Reputation: 1
Please consider the regex pattern : .*[a-zA-Z0-9\\-\\_].*
.
If I use Java regex pattern matching to match "-"
, it says it is true.
String regexCostcode1=".*[a-zA-Z0-9\\-\\_].*";
Pattern regex_costcode=Pattern.compile(regexCostcode1);
String test="-";
Matcher m = regex_costcode.matcher(test);
System.out.println(m.matches());
This prints true.
But same regex fails for "-"
in XSD schema validation.
I checked using http://regexr.com/ it fails to match "-"
.
So why it is matching using Java pattern matching?
Upvotes: 0
Views: 738
Reputation: 7273
For non-Java regexes you don't need to use double back-slashes.
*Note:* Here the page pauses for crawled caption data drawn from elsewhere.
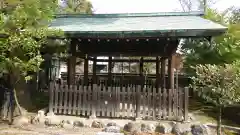 若宮神明社の建物その他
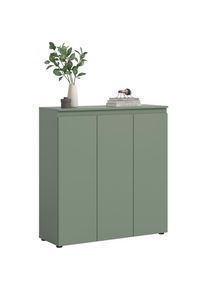 Home Affaire, Home Affaire Mehrzweckschrank &raquo;CIPELA, 105x111 cm, viel Stauraum, variable Einlegeb&ouml;den, universal&laquo; in vielen verschiedenen Trendfarben 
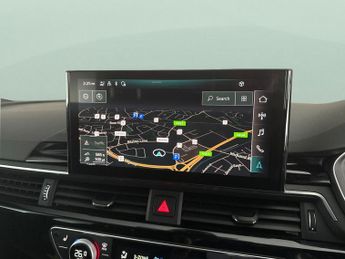 Audi A4 2.0 TDI 35 Black Edition S Tronic (163 ps) - BLUETOOTH - CRUISE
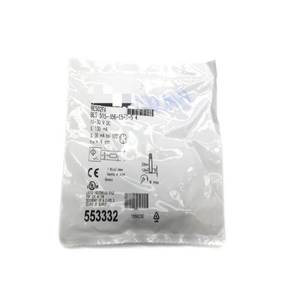 Controlador de programación PLC dedicado PAC de automatización industrial, BES02FA, 10-30VDC, NSMP, original, nuevo, listo - Product Image 1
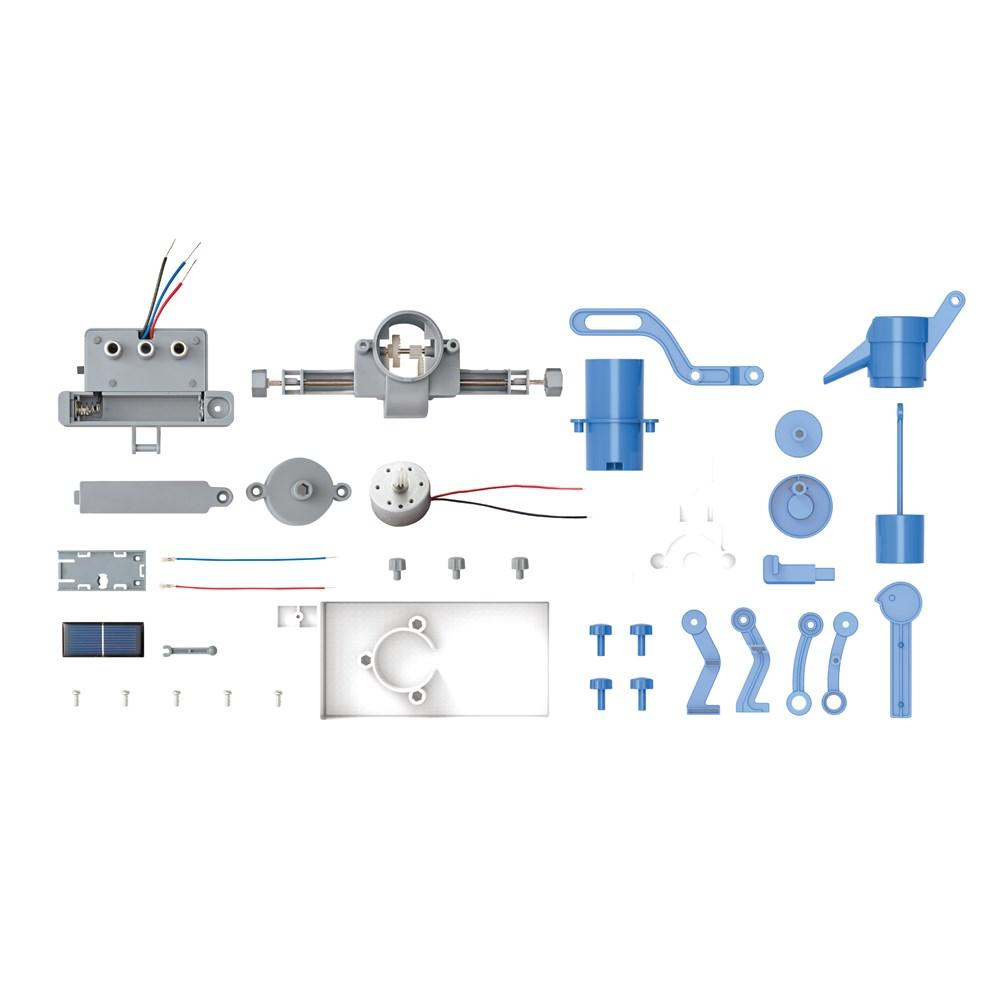 4M - Water Pump - Green Science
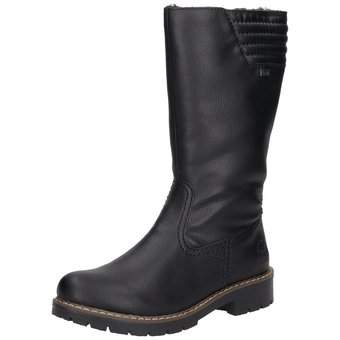 Rieker Stiefel in schwarz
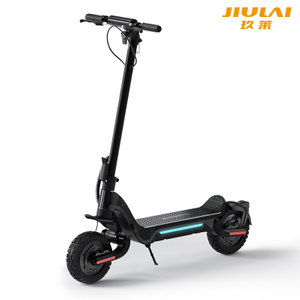 Powerful 1200W 48V Dual Motors 50Km/H High Speed Foldable Adult Electric Scooter With App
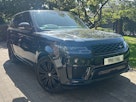 Land Rover Rrover Sport A-BIO DYN SDV6 A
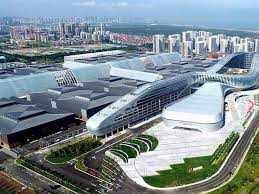 Qingdao World Expo City International Exhibition Center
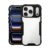 Capa para iPhone 17 Pro – Dual Shock Sense Preta – Gshield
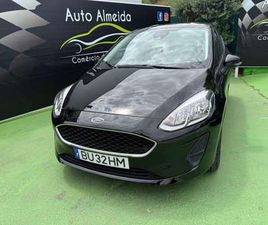 FORD FIESTA FORD FIESTA 1.0 ECOBOOST ACTIVE+ AUT.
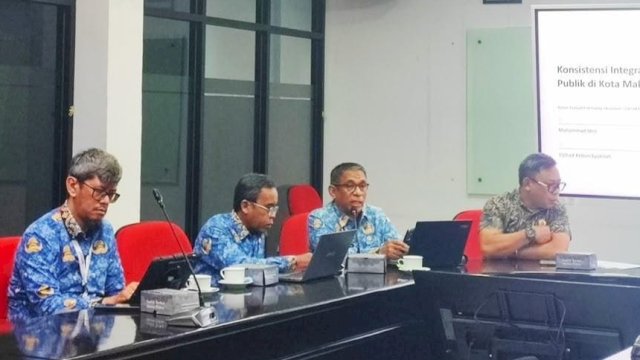 BRIDA Makassar Finalisasi Riset Integrasi dan Interoperabilitas Layanan Publik Lontara+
So your regex should be .*[a-zA-Z0-9\\-\\_].*
in Java and .*[a-zA-Z0-9\-\_].*
in XSD schema validation.
If you input .*[a-zA-Z0-9\\-\\_].*
in the site you mentioned, it tells you that \\-\\
is being interpreted as a "range of characters from \ to \" since \\
is just an escaped back-slash.
If you input .*[a-zA-Z0-9\-\_].*
it interprets \-
as just an escaped hypen and correctly matches -
.
Upvotes: 1
Reputation: 627341
Mind that in a Java string literal you need 2 backslashes to define a literal backslash. When you use \\
at the regexr.com, or in XML Schema regex, you use 2 literal backslashes that match a literal backslash in the input string, and the [\\-\\]
construct matches a single \
.
In XML Schema, you need to define the regex as
<xs:pattern value=".*[a-zA-Z0-9_-].*"/>
Put the -
at the end of the character class to be parsed as a literal -
. The underscore does not need to be escaped at all, as it is never a special char (it is actually a "word" char).
Actually, I'd advise to use ".*[a-zA-Z0-9_-].*"
in Java, too, to avoid any ambiguity.
Upvotes: 2